Наиболее важным моментом в этом ряде переходов было вовсе не распространение элементов капиталистического предприятия по всей Европе: элементы этого встречались во всей евразийской системе торговли и ни в коей мере не были специфическими для Запада.
Мы без конца будем встречать от Египта до Японии капиталистов, получателей рент с крупной торговли, крупных купцов, тысячи исполнителей, комиссионеров, маклеров, менял, банкиров. И, с точки зрения орудий, возможностей и гарантий обмена, никакая из этих купеческих групп не уступала своим собратьям на Западе. В Индии и за ее пределами купцы – тамилы, бенгали, гуджарати – образовывали узкие ассоциации, и их дела, их контракты переходили от одной группы к другой, как в Европе от флорентийцев к жителям Лукки и генуэзцам, или к немцам из Южной Германии, или к англичанам. Со времен раннего Средневековья в Каире, в Адене и в портах Персидского залива существовали даже «церии купцов» (Бродель 1992: 501).

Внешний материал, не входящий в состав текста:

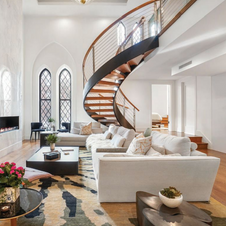 A City-Dwellers Oasis
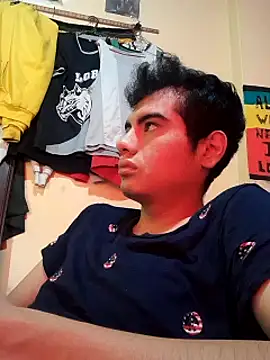 Ortiz3404 Webcam Show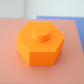 Kerzenständer MIXobject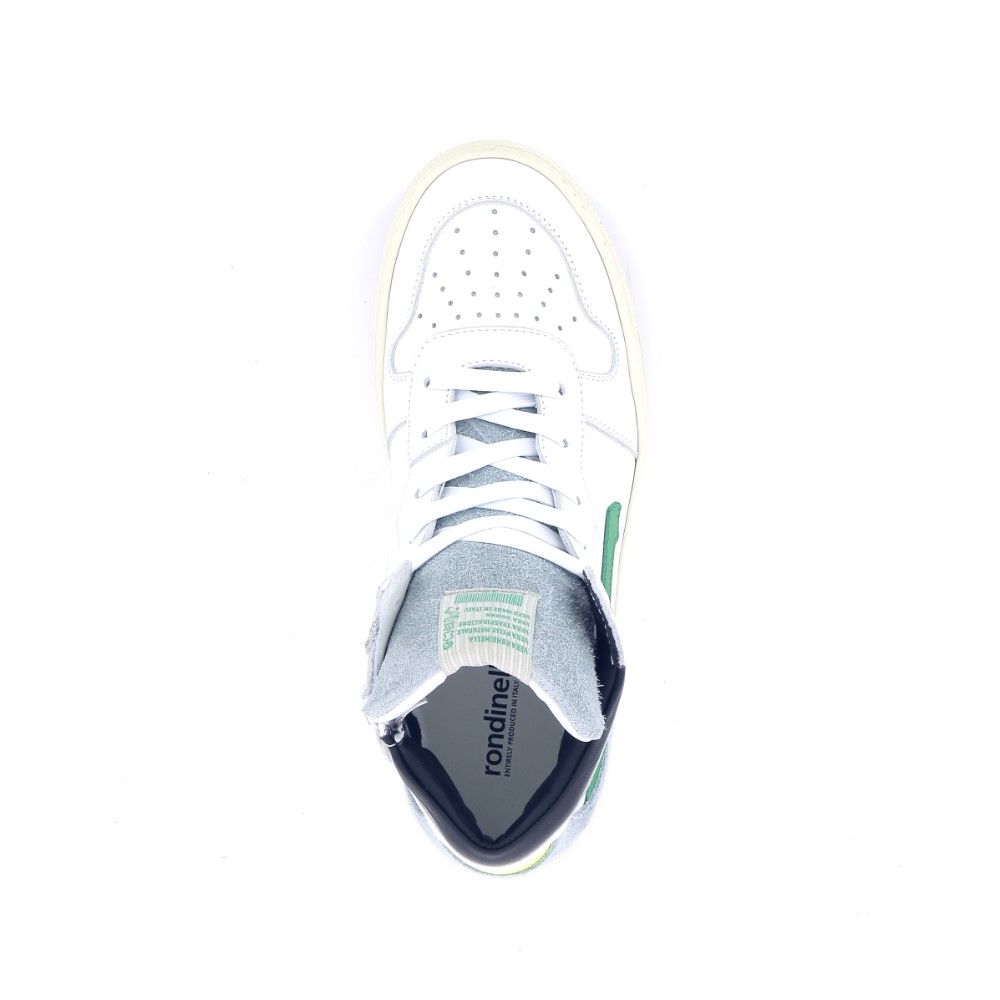 Rondinella Sneaker 222622 wit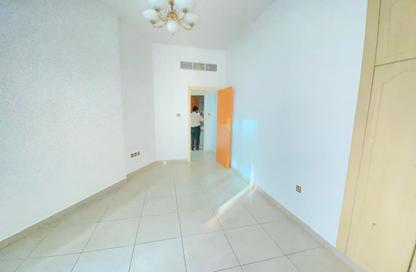 Apartment - 1 Bedroom - 1 Bathroom for rent in New Al Taawun Road - Al Taawun - Sharjah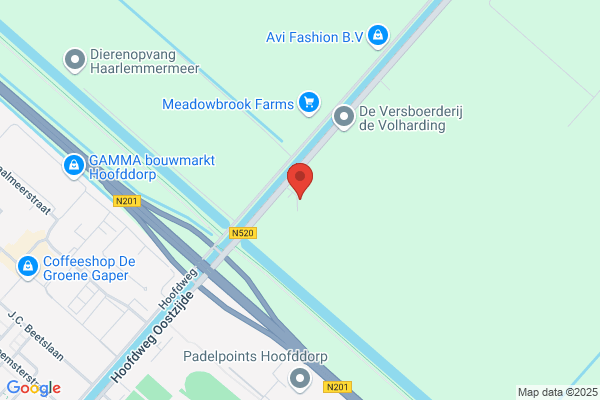 Transportbedrijf Huurman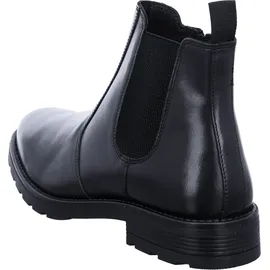 ARA Allesio Herren Schwarz 44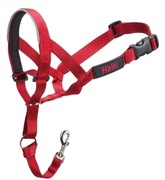 Obroża dla psa materiałowa treningowa Halti rozmiar M 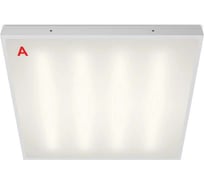 Светильник Wolta PRO МЕДИК Матовый ДВО08-36-041-4К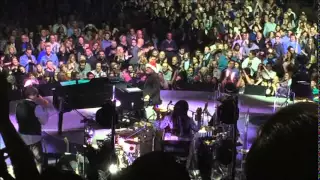 Billy Joel 12/18/14 MSG, NY Full Show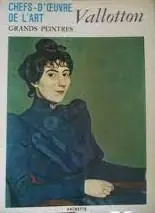 Betrouwbaar VALLOTTON - Chefs-D'oeuvre de l'Art / Grands Peintres - Ed.: O.D.E.G.E. / G. & D. Fabri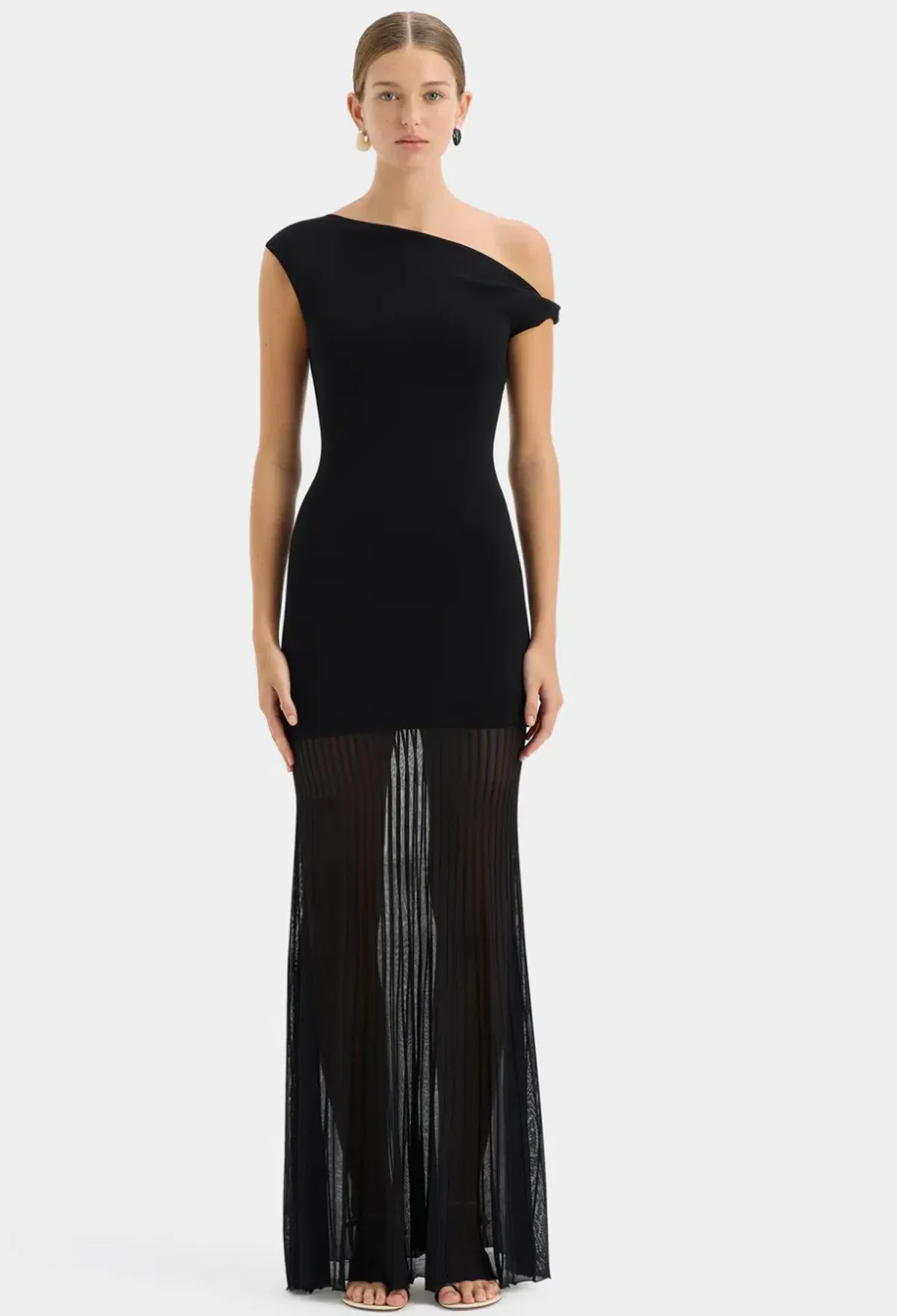 INDIGO TWIST MAXI - Image 1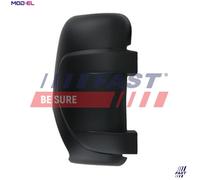 COVER OUTSIDE MIRROR FT88820 FOR OPEL MOVANO/B/Van/Platform/Chassis/Bus 2.3L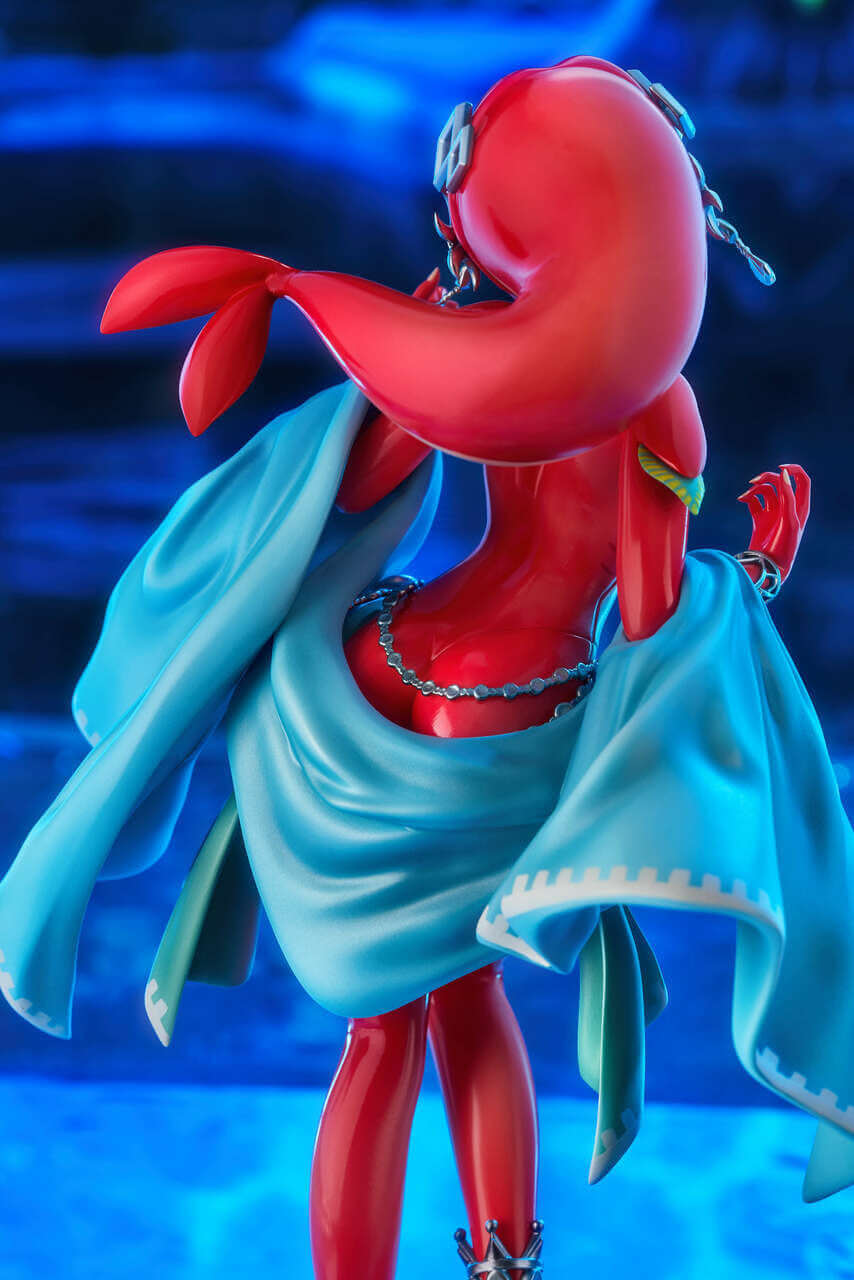 [Pre-order] 1/7 & 1/4 Mipha -CircleMax x ALTA STUDIO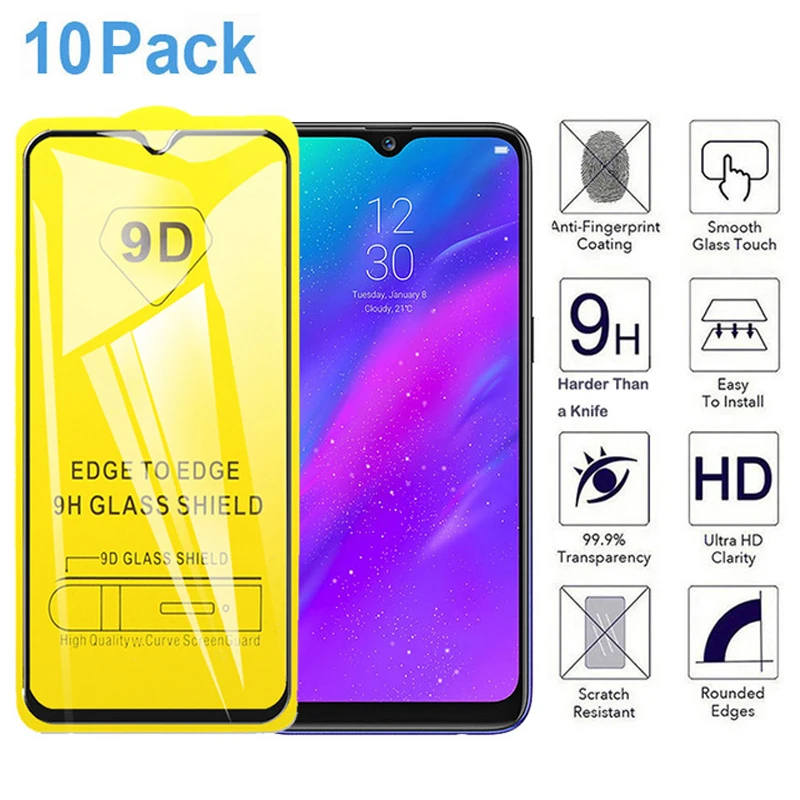 OPPO Realme 3-3 Pro-9D-10Pcs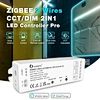 2 Wires Zigbee controller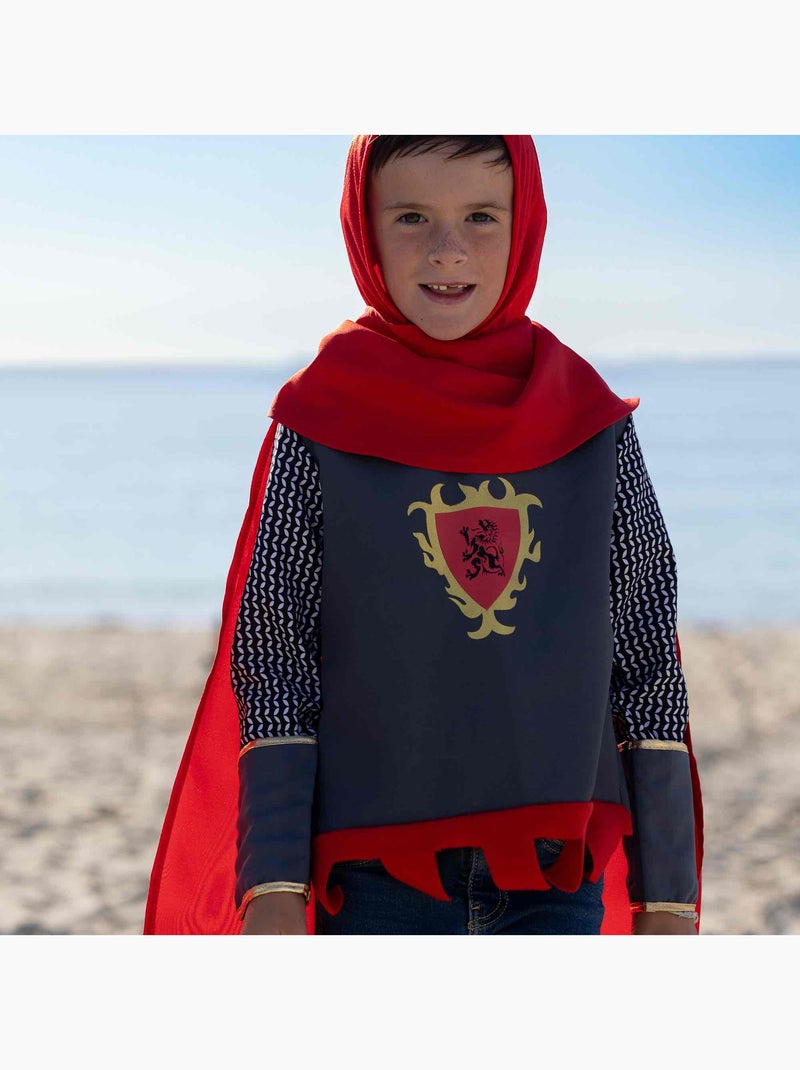 Costume da cavaliere per bambino | labay | labay Rosso - Kiabi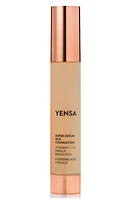 YENSA Super Serum Silk Foundation in Medium 1 at Nordstrom, Size 1 Oz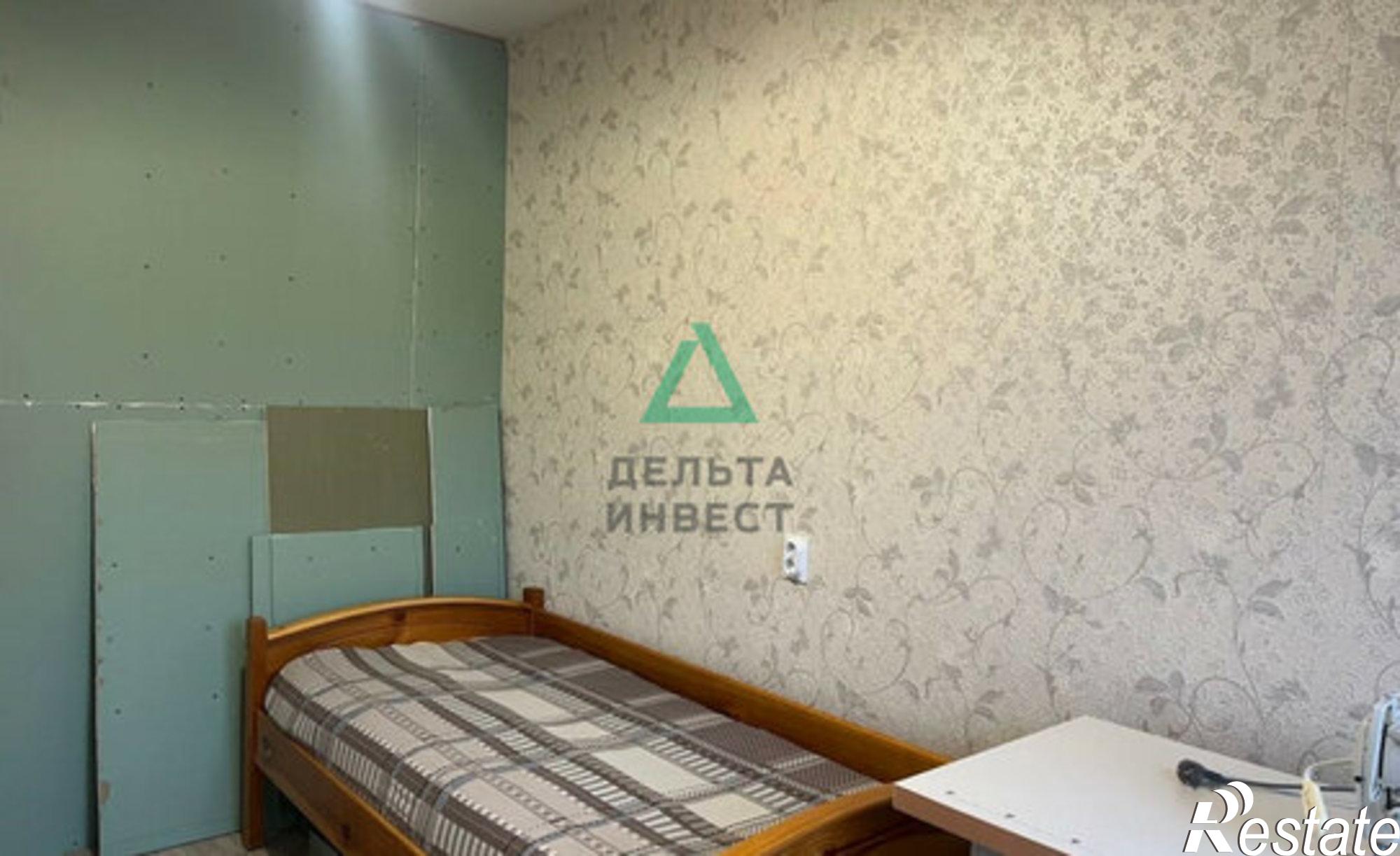 Купить квартиру за 4 250 000 рублей на Интернациональная улица, 125/1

Нигде, кроме Европы, эти элементы капитализма не создавали такого мощного сочетания, которое подтолкнуло европейские государства к территориальному завоеванию мира и созданию всесильного и по-настоящему глобального капиталистического мира-экономики. С этой точки зрения, действительно важным переходом, нуждающимся в объяснении, является не переход от феодализма к капитализму, а переход от рассеянной к сосредоточенной капиталистической власти. И наиболее важным аспектом этого во многом забытого перехода было уникальное сочетание государства и капитала, которое нигде не было более благоприятным для капитализма, чем в Европе.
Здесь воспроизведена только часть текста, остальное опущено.